Les séquences des allèles AchES (allèle présent
chez les moustiques sensibles) et AchER (allèle mutant présent
chez les moustiques résistants) viennent d'être publiées
(Nature, Mai 2003) . Leur comparaison révèle 28 substitutions
dont 27 sont muettes (aucune influence sur la séquence polypeptidique)
et une est à l'origine du changement d'un acide aminé (substitution
G/A en position 739 ; glycine 247 de l'AchE sensible remplacée par
une sérine dans l'AchE résistante). Cet acide aminé
est situé dans le site actif, près du site catalytique. Des
expériences de transgenèse (intégration de l'allèle
AchER dans des cellules de drosophile) ont permis de confirmer l'insensibilité
de l'AchE codée par cet allèle AchER.
Une mutation identique a été identifiée chez une autre
espèce, l'anophèle.
- En 1993, dans la région de Montpellier, est apparu un
nouvel "allèle" appelé AchERS (appelé AchE 93 dans les
données fournies sur ce site) ; il s'agit en fait d'un "supergène"
formé de deux copies en tandem du gène AchE : l'une de ces copies
est l'allèle AchES et l'autre AchER. Cette innovation génétique
résulte donc d'une duplication génique.

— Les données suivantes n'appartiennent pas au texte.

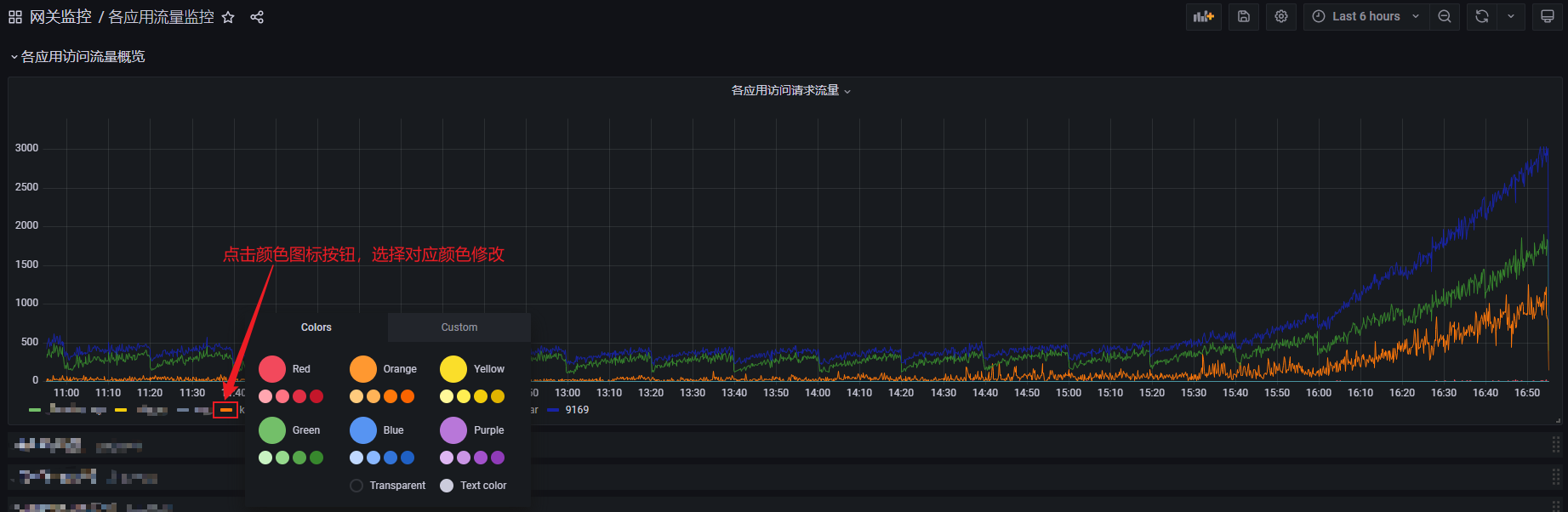 Grafana的数据源依赖日志平台产生的ES数据 grafana配置es数据源_字段_16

L'interprétation
classique suggérée par le programme et utilisée pour
les familles multigéniques est la suivante : il y a eu duplication
de l'allèle AchES, suivie de mutations d'une des copies conduisant
à l'allèle AchER. Cependant, l'interprétation qui a
les faveurs des chercheurs est différente : chez un individu hétérozygote
AchES/AchER, il y a eu au cours de la méiose un crossing-over inégal
aboutissant à réunir sur un même chromosome les deux
allèles AchER et AchES. Un seul événement génétique,
une duplication génique, serait donc à l'origine de ce "supergène".
Ces moustiques produisent donc les deux types d'AchE, comme les hétérozygotes
AchER/AchES, mais cette capacité est transmise de génération
en génération à cause de la liaison très étroite
entre les loci des gènes AchER et AchES.